• **Your assignment**
Every line from the one containing "Highgate House" through the end of the listing below must be given again exactly, and nothing else; exclude pictures.

- - - - - - -

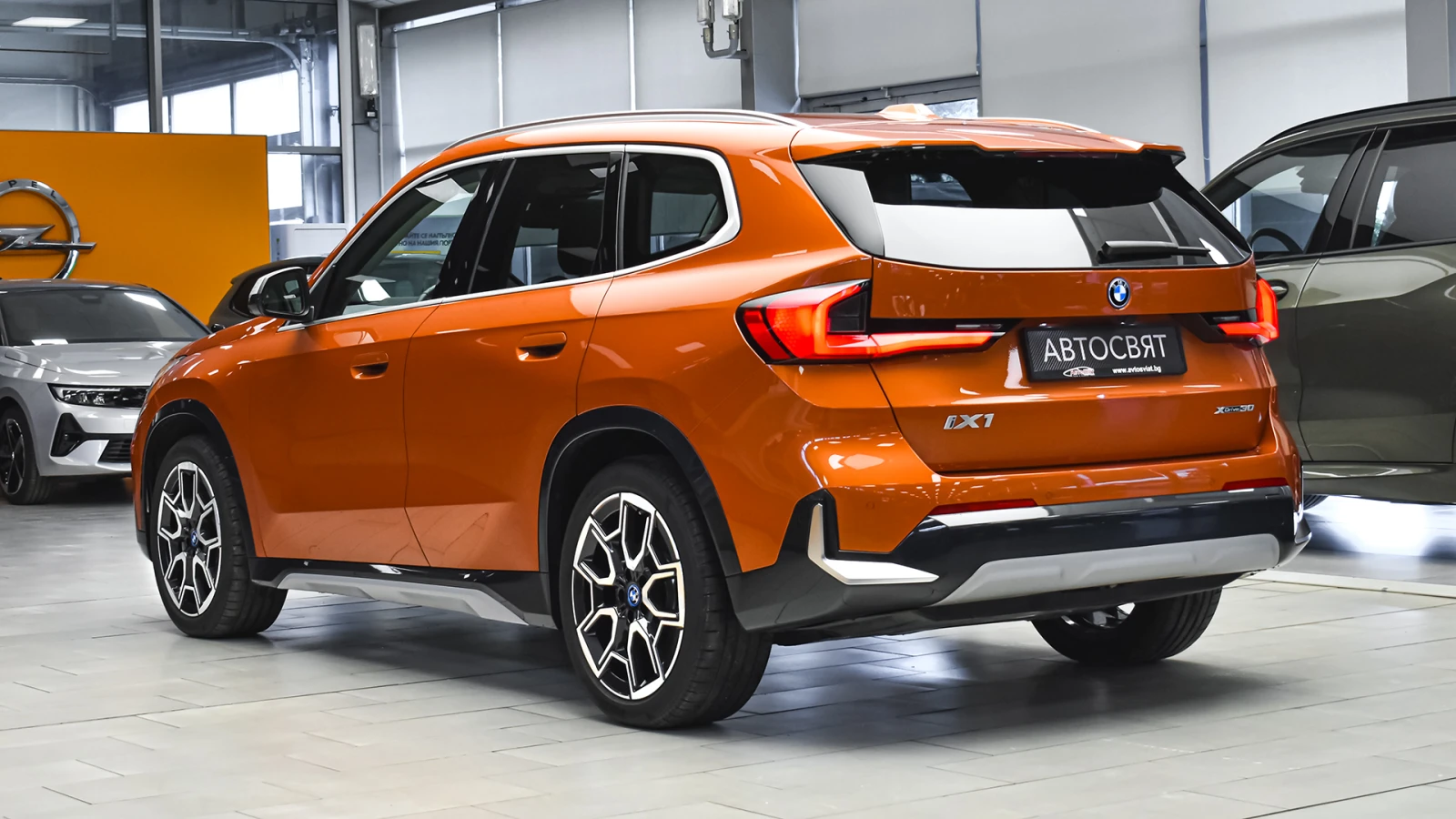 BMW iX1 xDrive30 X Line - изображение 7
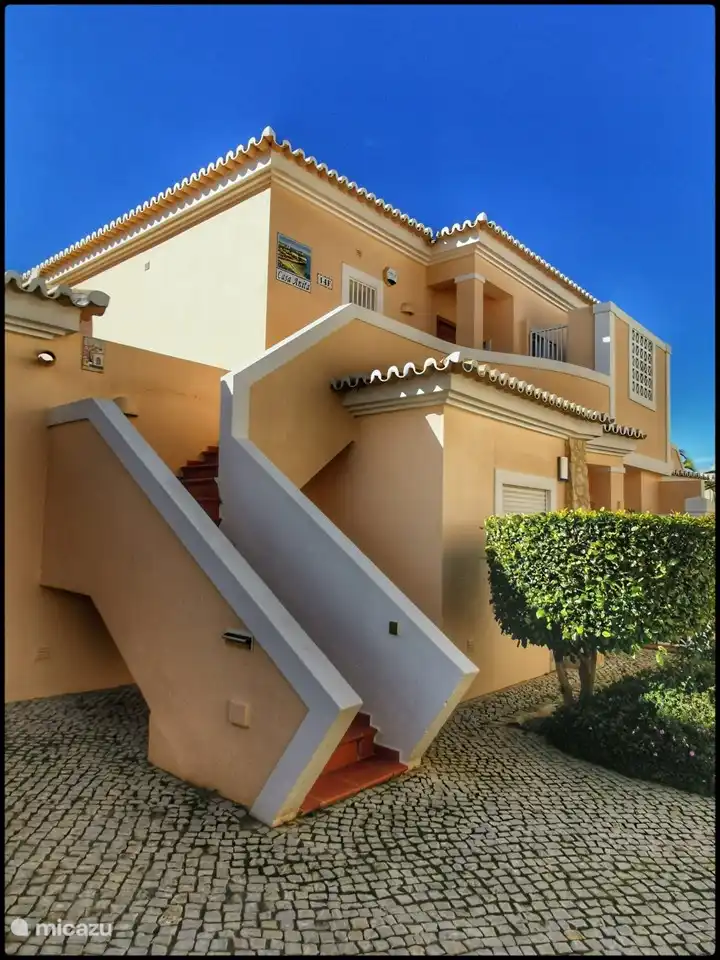 Sie erreichen die Wohnung über die Außentreppe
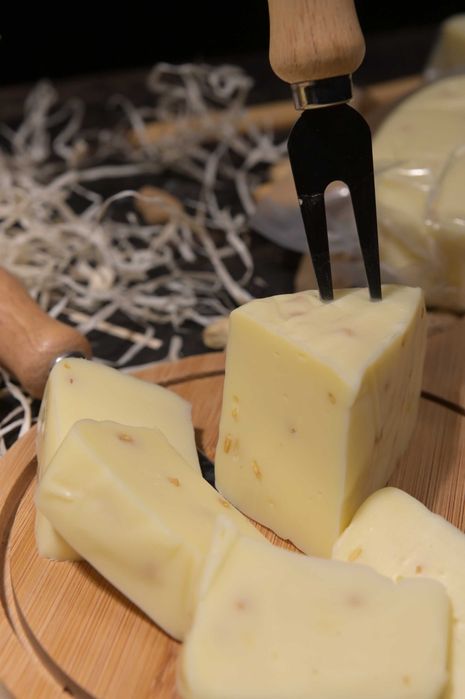 Натуральні сири від виробника: свіжі сулугуні, моцарела, бринза, масло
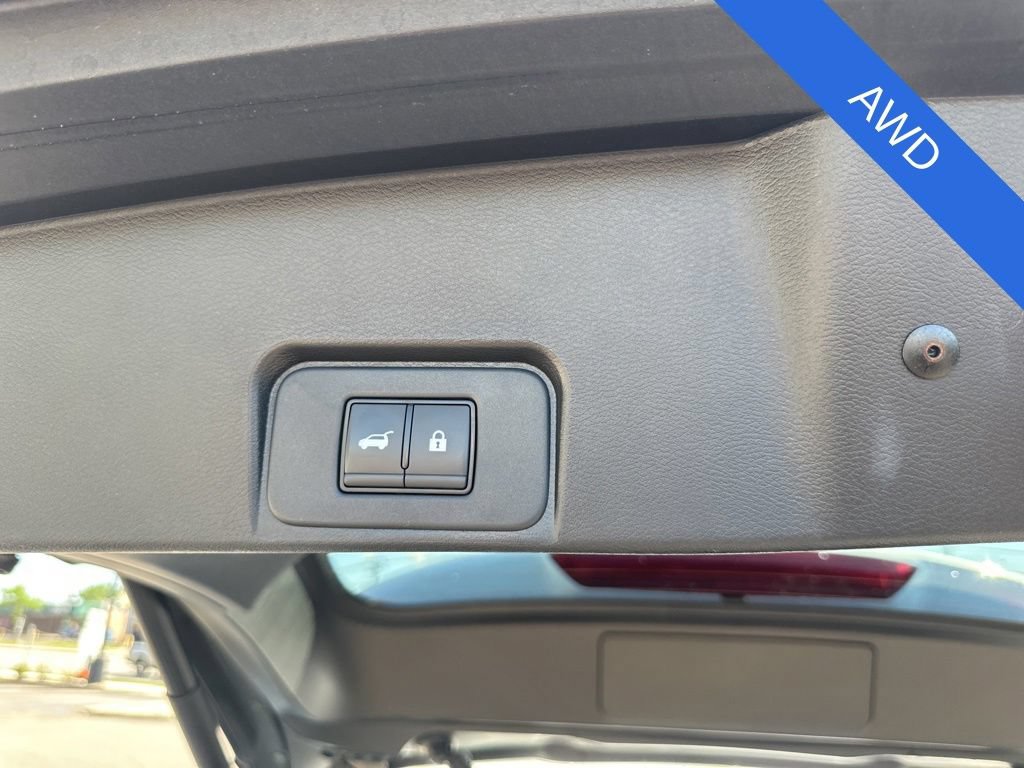 Used 2024 Nissan Rogue SV AWD/4WD image 30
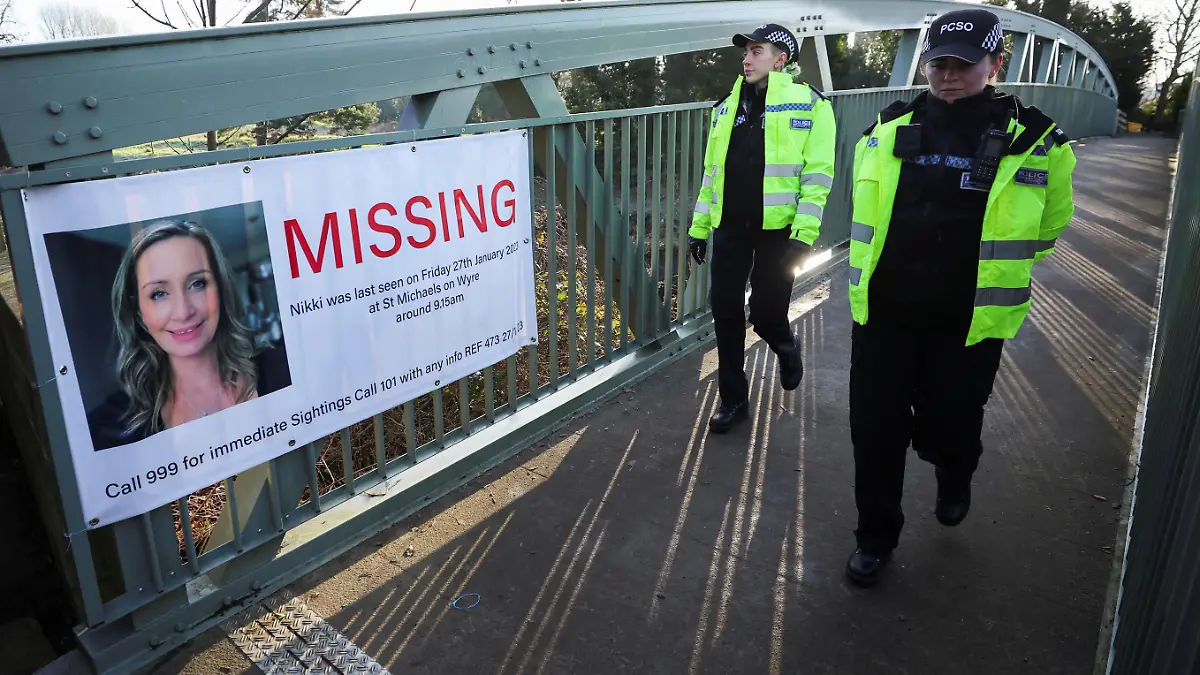 Police officers walk as they continue to search River Wyre for Nicola Bulley who is currently missing in Lancashire, Britain February 6, 2023. REUTERS/Phil Noble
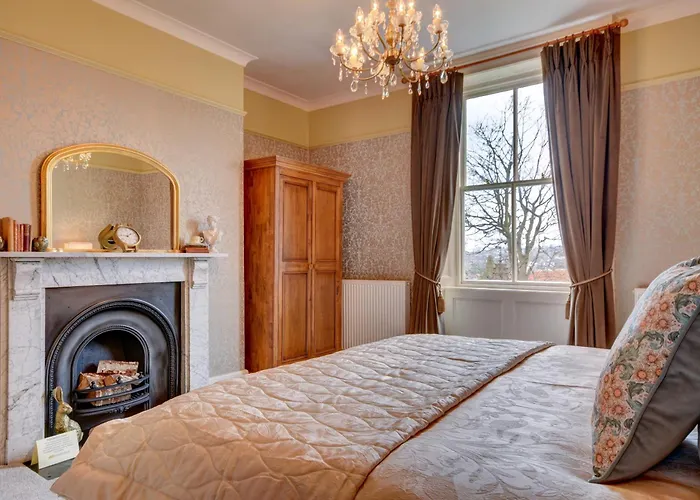 Highgate House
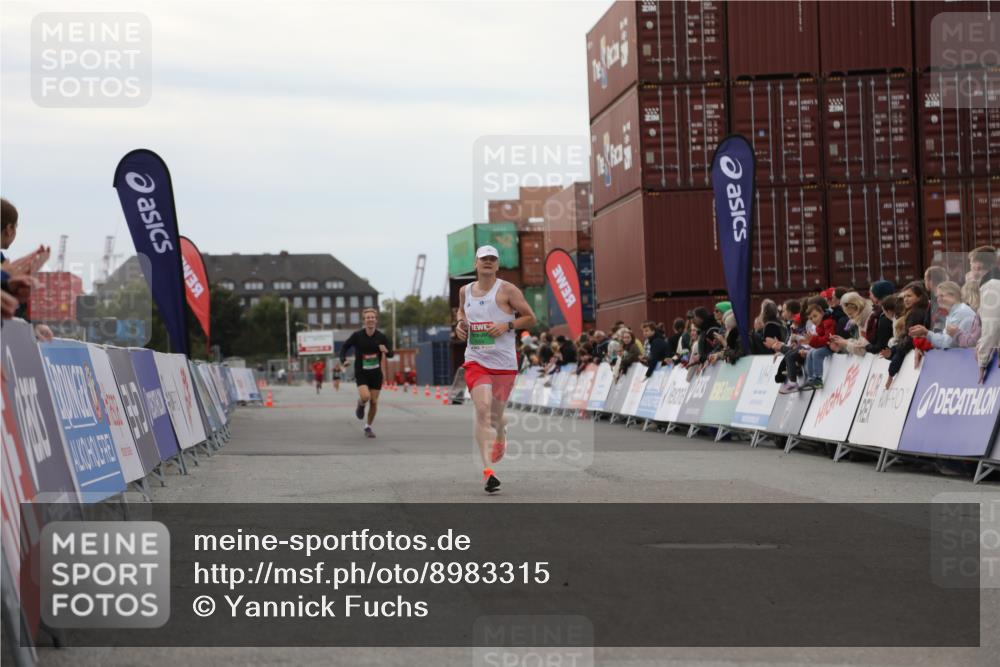 03.10.2025 - Köhlbrandbrückenlauf Yannick Fuchs http://msf.ph/oto/8983315 03.10.2025 15:51:52 Ziel 7054, 7520 meine-sportfotos.de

- - - - - - -

• **Response to the exercise**
 Highgate House
 03.10.2025 - Köhlbrandbrückenlauf Yannick Fuchs http://msf.ph/oto/8983315 03.10.2025 15:51:52 Ziel 7054, 7520 meine-sportfotos.de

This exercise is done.